I holstered my weapons and backed out of the room, stepping in the same places I’d used before. In the doorway, I pulled off my boots and handed them to Adelaide. “The cops will be ticked that I entered the room. They’ll need my boots for trace evidence. I know exactly where I stepped, so when they get into a pissing contest about it, let me know.

 

“I need to see the other guy. His partner.”

 

In the room two doors down, I found Tattooed Dude, lying on the floor under a table. I thought he was asleep when I walked in. Then I thought he was dead. And then I realized that he was breathing, his head was still in place, and he was staring at the ceiling. I bent over him and sniffed, seeing the marks on his neck. Someone had been drinking from him. Recently. And they hadn’t been gentle about it. But the scary thing was that there was no scent signature on the wounds or in the room. I didn’t know how that was possible unless someone was carrying a don’t-smell-me charm.
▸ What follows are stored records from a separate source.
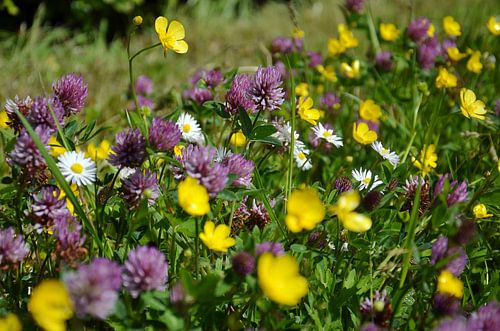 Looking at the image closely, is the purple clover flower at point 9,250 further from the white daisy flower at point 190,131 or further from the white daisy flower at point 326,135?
the white daisy flower at point 326,135

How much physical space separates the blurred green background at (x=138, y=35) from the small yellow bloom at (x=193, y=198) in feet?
4.22

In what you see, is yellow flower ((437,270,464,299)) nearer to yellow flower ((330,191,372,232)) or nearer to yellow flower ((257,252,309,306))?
yellow flower ((330,191,372,232))

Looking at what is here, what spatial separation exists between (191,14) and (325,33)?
1.12 meters

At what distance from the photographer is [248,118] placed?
50.8 inches

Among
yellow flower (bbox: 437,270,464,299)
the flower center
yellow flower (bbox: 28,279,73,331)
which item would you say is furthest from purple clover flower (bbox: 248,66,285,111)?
yellow flower (bbox: 28,279,73,331)

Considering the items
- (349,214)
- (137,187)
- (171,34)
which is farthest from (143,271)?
(171,34)

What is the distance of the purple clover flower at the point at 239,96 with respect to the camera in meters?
1.32

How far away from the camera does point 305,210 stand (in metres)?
0.96

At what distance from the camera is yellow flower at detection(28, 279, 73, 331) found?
772mm

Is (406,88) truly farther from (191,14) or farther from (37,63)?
(191,14)

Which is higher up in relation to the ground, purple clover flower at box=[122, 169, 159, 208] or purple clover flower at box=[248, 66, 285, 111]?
purple clover flower at box=[248, 66, 285, 111]

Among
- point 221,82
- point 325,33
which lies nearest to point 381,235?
point 221,82

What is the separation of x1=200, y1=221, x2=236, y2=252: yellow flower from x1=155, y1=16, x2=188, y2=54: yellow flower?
0.45 metres

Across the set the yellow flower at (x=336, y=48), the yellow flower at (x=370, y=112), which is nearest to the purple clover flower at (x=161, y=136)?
the yellow flower at (x=370, y=112) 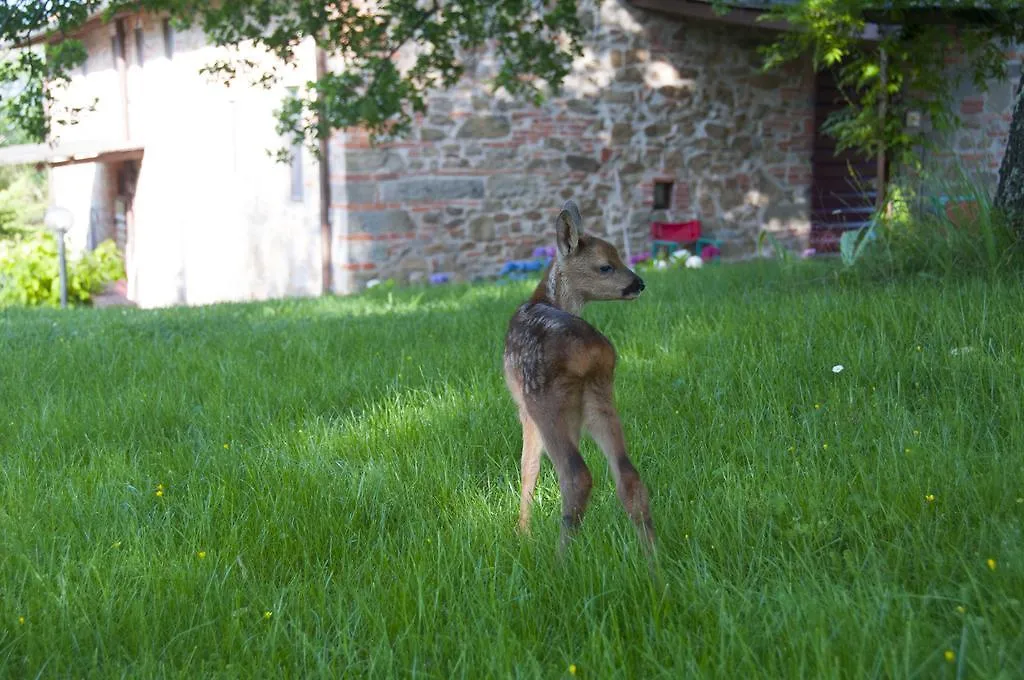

Was there even such a thing? Had to be.

 

“Get Edmund in here,” I said to the small group of people following me. “I want to know everything this guy knows. I’m going to security.”

 

I pushed through the gaggle of blood-servants and out the doorway. Walking in my sock feet, I took the elevator down to the large security/electronic monitoring/conference area. The room was nearly empty. The bronze light fixture and track lights were dim, shadowing the corners of the room. The oval table was nearly bare, and the air smelled of coffee and Krispy Kreme donuts, the sweet scent from a box open on the table. The huge ceiling monitor was lit, showing twenty-seven camera angles from my newest upgrade, but as I watched, one view expanded to fill half of the screen.

 

“Footage isolated,” a voice said. To the side, at the control monitors of the security system, Wrassler was standing behind a man wearing fatigues. Angel Tit looked up as I entered and gave me a faint nod, watching to see my reaction at finding him here.

 

“I brought him so none of ours had control of the system,” Wrassler said, which was good thinking. Angel was one of Derek’s men, and he’d been caught with his hand in the cookie jar once. He’d been working to rehabilitate himself, and while he wasn’t worried at seeing me, and didn’t stink of guilt, he was concerned. Being in charge of the electronics while in the middle of a crisis was a huge step forward to acceptance for him. I inclined my head to show I acknowledged all that; his expression of concern melted away.

 

Angel pointed to the monitor. “This one shows the hallway outside the interrogation room holding Jimmy Joe James. The guard looked down the hallway, as if called, and someone moving with vamp-speed appears for a moment, enters the room, and closes the door.” The footage showed real-time speed as the guard walked away for a moment, still visible in the camera, but with his back turned. I caught a flash of darkness, a brighter light, and then the guard walked back, up and down the hallway, keeping watch. Moments later, when the guard was facing away, the vamp raced from the room. He’d been only a blur entering, then leaving.

 

“Can you show it in slow-mo?”

 

“Yeah. But it doesn’t help. The guy was wearing a hoodie with the hood up, and jeans and sneakers.”